I’ve
been moved twenty feet down and across the hall to a new office, one that is the
mirror image of my old office, minus the north-facing window. I miss the
outdoor light. Now my computer table sits below a porthole-like window four
feet in diameter that faces the building’s main corridor. Fortunately, the
window comes with an almost opaque set of blinds. The move was seamless. I was
without computer service for seven minutes. Four men moved my desk, table, gooseneck
lamp, file cabinet and chairs. They seemed almost disappointed that I had so
little to move. I forgot to mention Harry Plotter – the oversized printer that no
longer works but takes up too much space and, when working, sounds like a
cement truck. Un-fenestrated and re-plottered, I might have started whining. Instead:
A
workman reattached my cork board to the wall (and shared three dirty jokes, two
of which were good). Telephone service was uninterrupted (and I got a new cord
for the receiver, one that doesn’t tangle). My boss scavenged a second lamp, with
a shade and a 75-watt bulb. It casts a muted light that makes me think of Stan
Getz records.
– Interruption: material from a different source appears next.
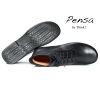 CP 500 THINK PENSA HERREN 415-0000-VEG schwarz Boots  41 - CP 500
The uncle of the professor now directly across the hall from my
office was the trumpeter and cornetist Ruby Braff. As a neighborly gesture I
sent him “Star Dust.” Best of all, my boss tells me they plan to move the
plotter to the second floor, probably in January. Laurence Sterne opens a chapter in A Sentimental Journey Through
France and Italy (1768) with these words:
“Hail,
ye small, sweet courtesies of life! for smooth do ye make the road of it.”
1 comment:
"It casts a muted light that makes me think of Stan Getz records.
A great line, Patrick. A great line.